Kenyan children work on a physical computing project. — Bringing diverse values into AI is critical.

By focusing on AI education from a young age, there is an opportunity to break down some of these long-standing barriers. That’s why we partnered with the Raspberry Pi Foundation to co-create Experience AI, a new learning programme with free lesson plans, slide decks, worksheets and videos, to address gaps in AI education and support teachers in engaging and inspiring young people in the subject.

The programme aims to help young people aged 11–14 take their first steps in understanding the technology, making it relevant to diverse learners, and encouraging future careers in the field. All Experience AI resources are freely available to every school across the UK and beyond.

A woman teacher helps a young person with a coding project. — The Experience AI resources are free for every school.

The partnership is built on a shared vision to make AI education more inclusive and accessible. Bringing together the Foundation’s expertise in computing education and our cutting-edge technical knowledge and industry insights has allowed us to create a holistic learning experience that connects theoretical concepts and practical applications.

Experience AI: Informed by AI experts

A group of 15 research scientists and engineers at Google DeepMind contributed to the development of the lessons. From drafting definitions for key concepts, to brainstorming interesting research areas to highlight, and even featuring in the videos included in the lessons, the group played a key role in shaping the programme in close collaboration with the Foundation’s educators and education researchers.

Interview for Experience AI at Google DeepMind. — Interviews with AI scientists and engineers at Google DeepMind are part of Experience AI.

To bring AI concepts to life, the lessons include interactive activities as well as real-life examples, such as a project where Google DeepMind collaborated with ecologists and conservationists to develop machine learning methods to study the behaviour of an entire animal community in the Serengeti National Park and Grumeti Reserve in Tanzania.

Elephants in the Serengeti. — One of the Experience AI lessons focuses on an AI-enabled research project in the Serengeti.

Member of the working group, Google DeepMind Research Scientist Petar Veličković, shares: “AI is a technology that is going to impact us all, and therefore educating young people on how to interact with this technology is likely going to be a core part of school education going forward.
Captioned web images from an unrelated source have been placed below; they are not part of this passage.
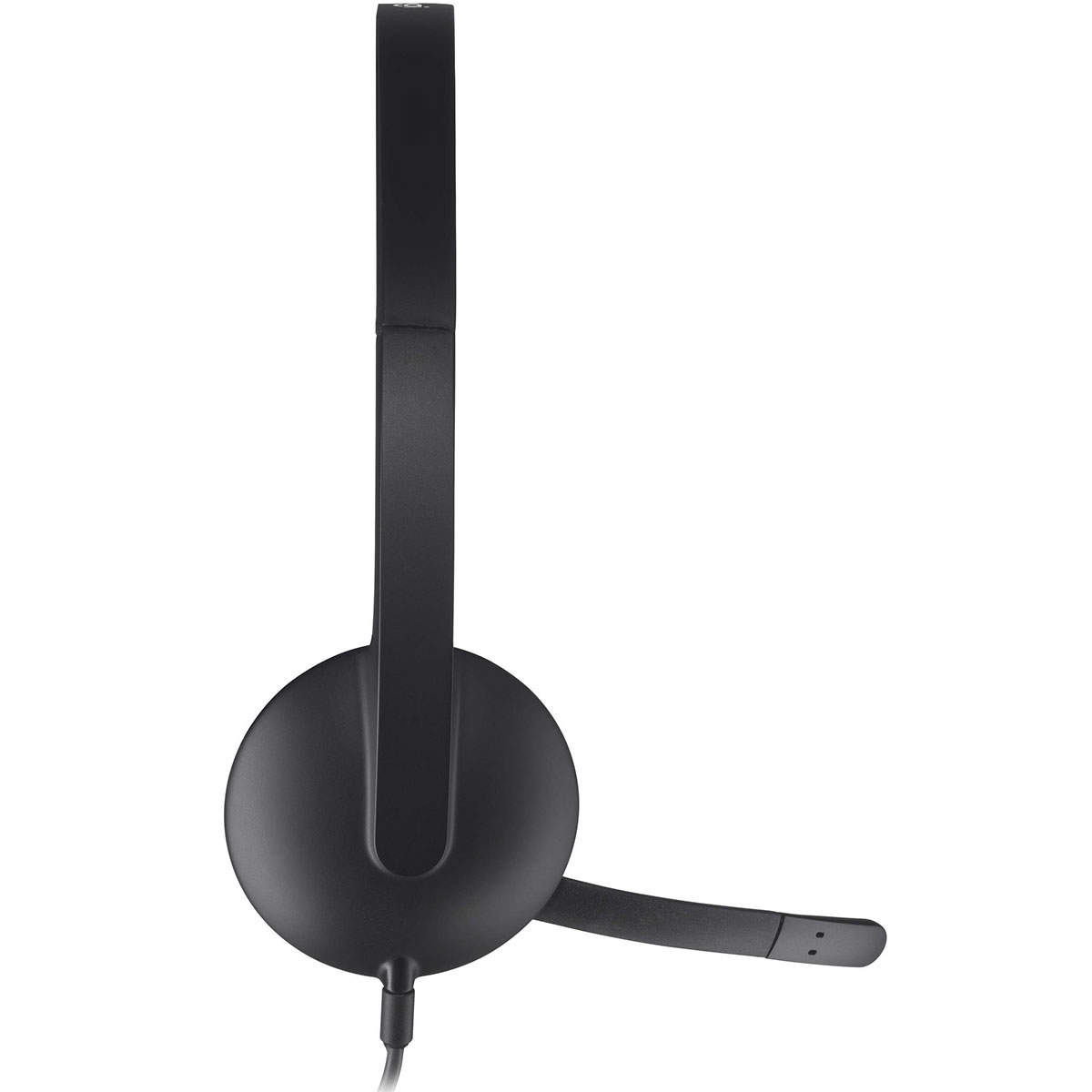 Logitech H340 Wired USB Stereo Headset - Black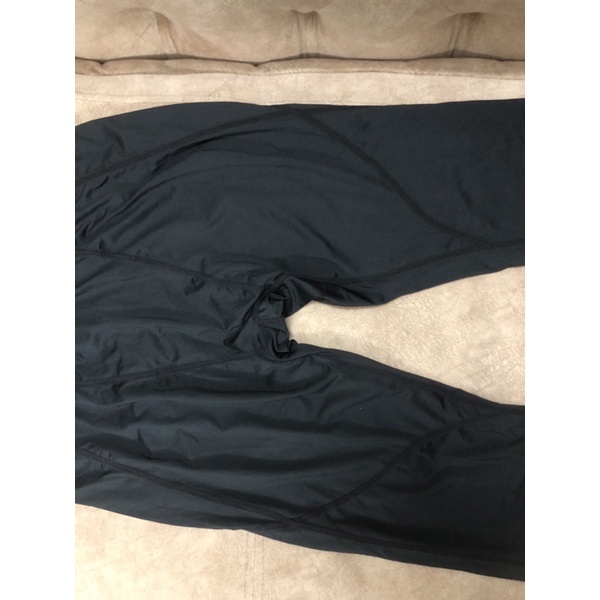 Quần tập legging bó cơ xuất dư hãng Tsla Athlio giữ nhiệt chạy bộ tập thể thao gym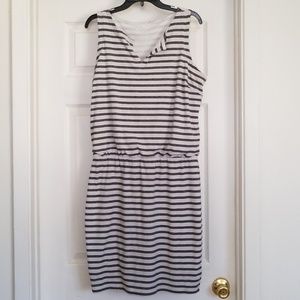 Striped Athleta dress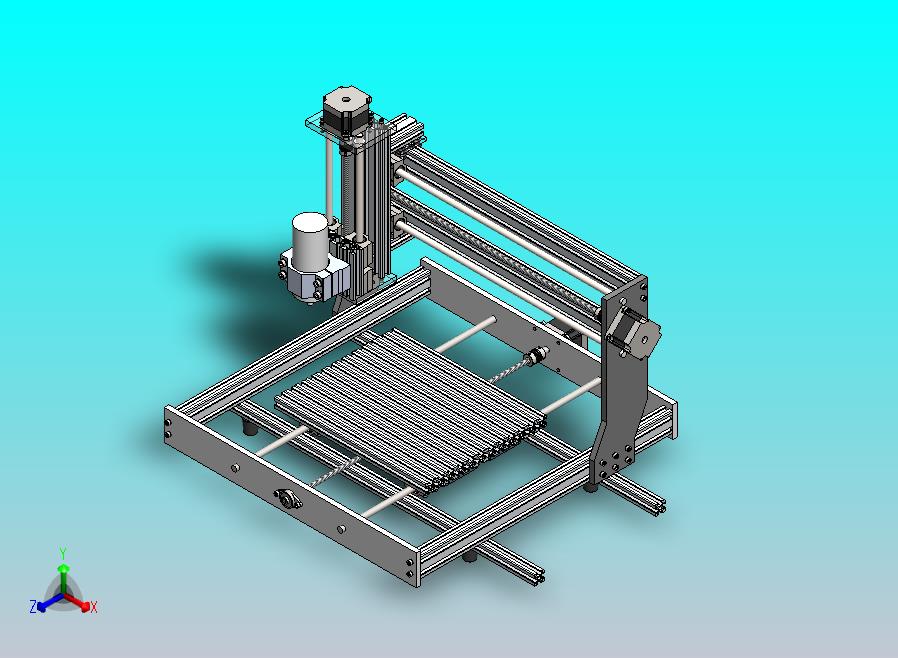27-400 mm x 240 mm雕刻机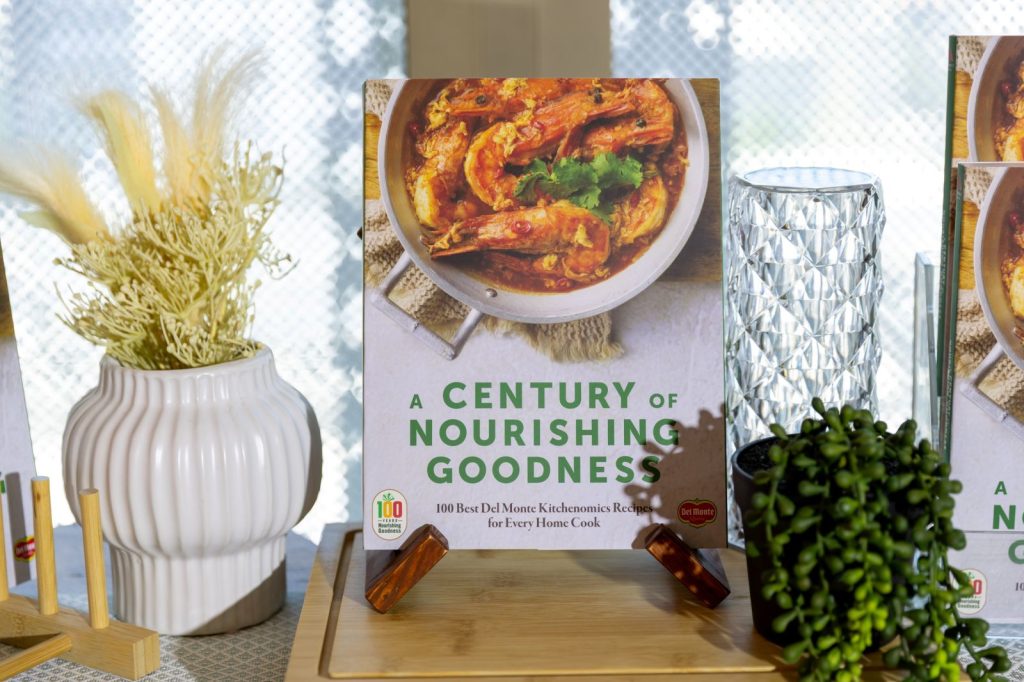 1. .3 Del Monte Kitchenomics Cook Book Centennial edition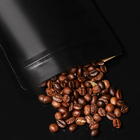 Пакет Zip-lock Крафт с прямоугольным окном, черный,12×20×4 см - Фото 5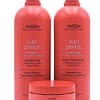 aveda nutriplenish deep shampoo conditioner 1L masque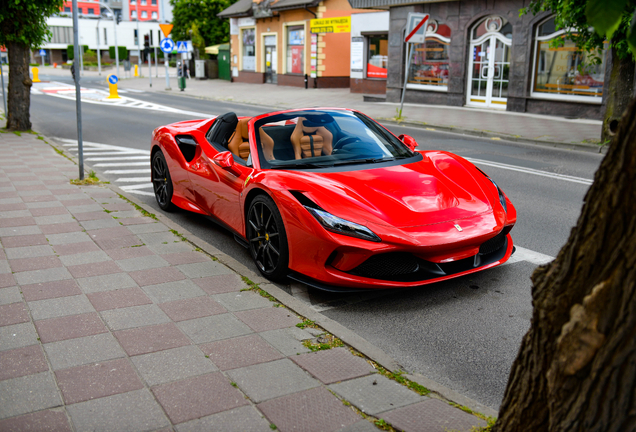 Ferrari F8 Spider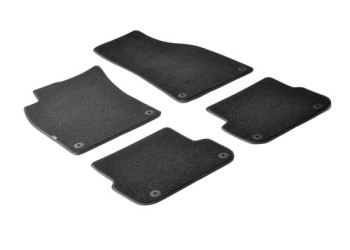 ΜΑΡΚΕ ΠΑΤΑΚΙΑ EXECUTIVE ΜΟΚΕΤΑ ΓΙΑ AUDI A6 4D 09/2004-03/2011 / AUDI A6 AVANT / ALLROAD 03/2005-02/2012 ΣΕ ΜΑΥΡΟ ΧΡΩΜΑ ΜΕ ΚΟΥΜΠΩΜΑΤΑ LAMPA - 4 ΤΕΜ.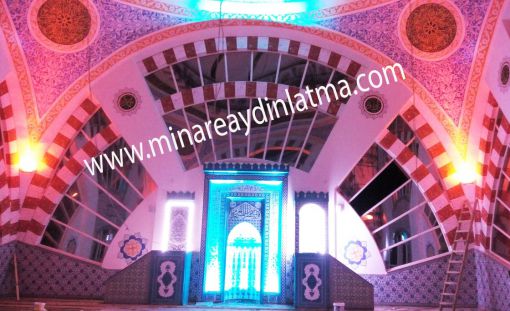 mihrap led aydınaltma mihrap led aydınaltma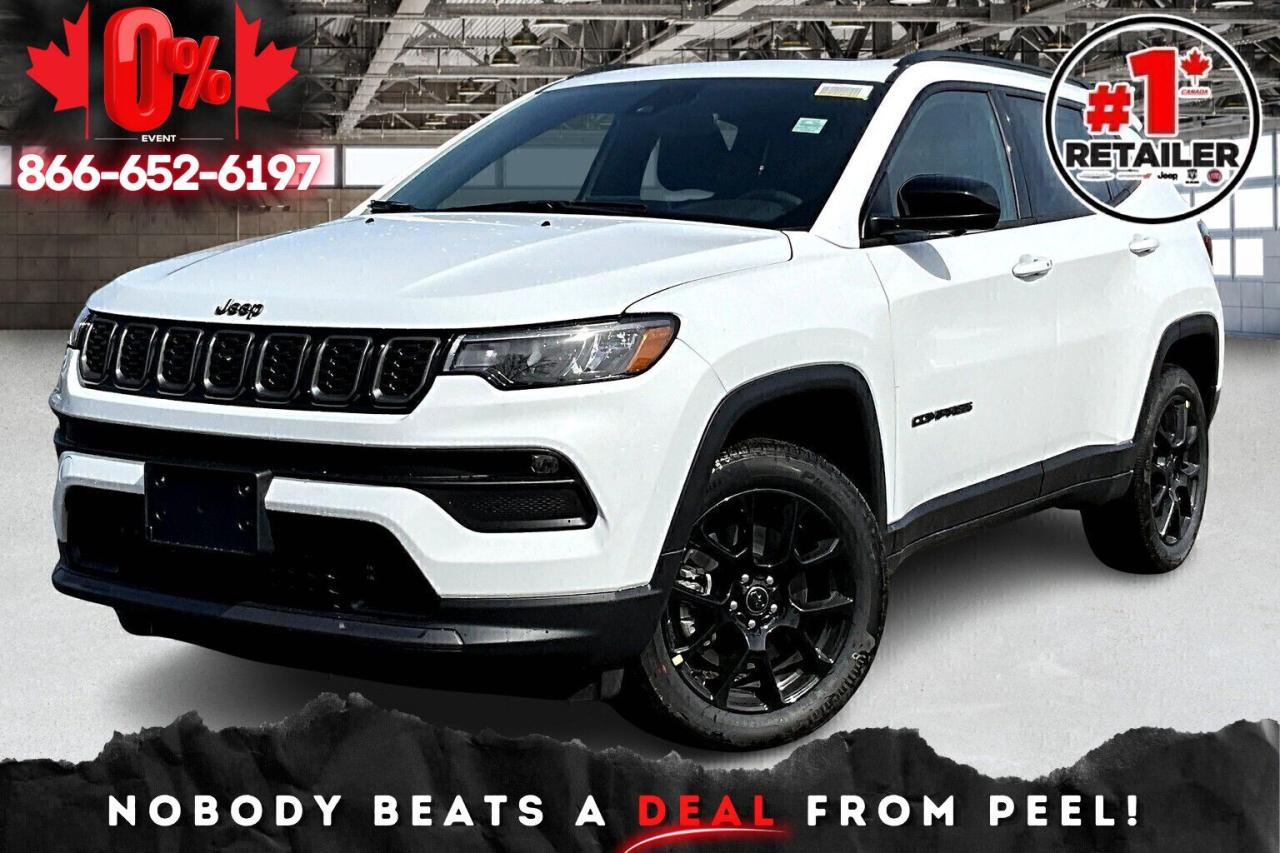 New 2025 Jeep Compass ALTITUDE | Sun & Sound | Driver Assist & Conv Pkg for sale in Mississauga, ON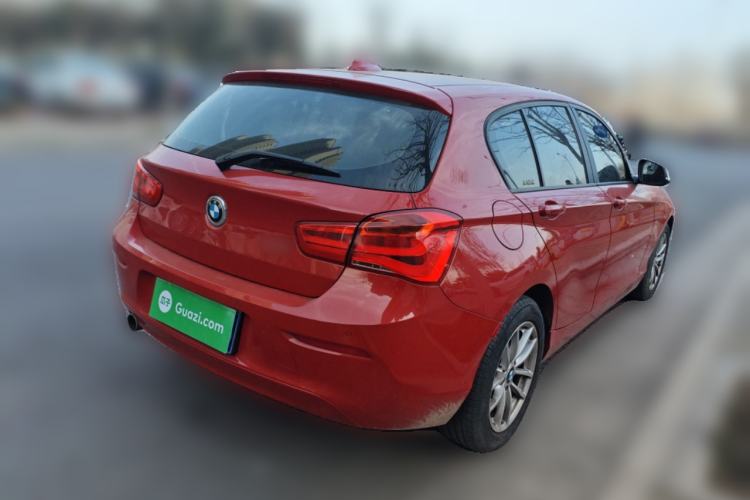Used BMW 1 Series 2018 118i Leading Model Rear Right 45 Deg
The project was eye-opening and humbling for me, as I learned of the challenges associated with making such a complex topic accessible — not only to every pupil, but also to every teacher! Observing the thoughtful approach undertaken by the Raspberry Pi Foundation left me deeply impressed, and I’m taking home many useful ideas that I hope to incorporate in my own AI teaching efforts going forward.”

The lessons have been carefully developed to:

Follow a clear learning journey, underpinned by the SEAME framework which guides learners sequentially through key concepts and acts as a progression framework.
Build foundational knowledge and provide support for teachers. Focus on teacher training and support is at the core of the programme.
Embed ethics and responsibility. Crucially, key concepts in AI ethics and responsibility are woven into each lesson and progressively built on. Students are introduced to concepts like data bias, user-focused approaches, model cards, and how AI can be used for social good.
Ensure cultural relevance and inclusion. Experience AI was designed with diverse learners in mind and includes a variety of activities to enable young people to pick topics that most interest them.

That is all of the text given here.